W3C home > Mailing lists > Public > www-talk@w3.org > May to June 1996

Re: Tagging a document with language

From: J.E. Fritz <fritz@gems.vcu.edu>
Date: Fri, 07 Jun 1996 10:06:50 -0400 (EDT)
To: robots@webcrawler.com
Cc: www-talk@w3.org
Message-Id: <Pine.PCW.3.93.960607093940.3582B-100000@acepc44.ace.vcu.edu>
On Fri, 7 Jun 1996, Tronche Ch. le pitre wrote:

...
> that incidentally I found. But I'm suprised by the increasing number
> of documents that I can't understand, simply because they're written
> in a foreign language (foreign to me, that is nor french nor english),
> not to speak of non iso-8859 files, such as japanese ones.
...
> A more interesting approach is the indexer trying to figure the
> language of the document, based may be on a statistical analysis.
> Probably, problems will arise with mixed languages files.

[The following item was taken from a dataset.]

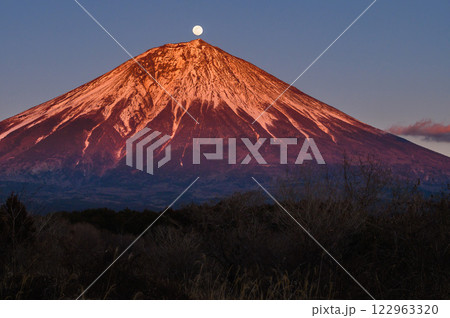 富士山頂に満月が重なる瞬間・パール富士 富士山頂に満月が重なる瞬間・パール富士 122963320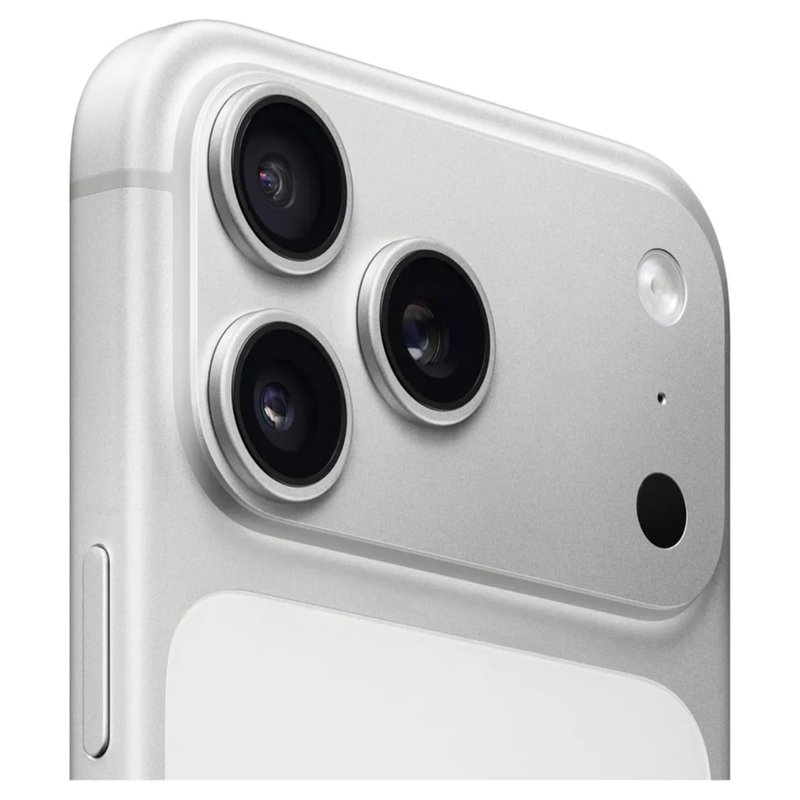 Detalhe das três câmeras traseiras do iPhone 17 Pro Max prateado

An easy way to tell might be by examination of stopwords.  If a document
has lots of words like "an", "to", "be", "by", "of", "if", "a", "the",
"in", "this", "then", "it", "at" and "some" then it probably contains at
least some English.  "Le", "la", "les", "un", "une", "en", "au", "de",
"des" point to French.

The advantage is that you would need a relatively small number of words
for each language, not the whole dictionary.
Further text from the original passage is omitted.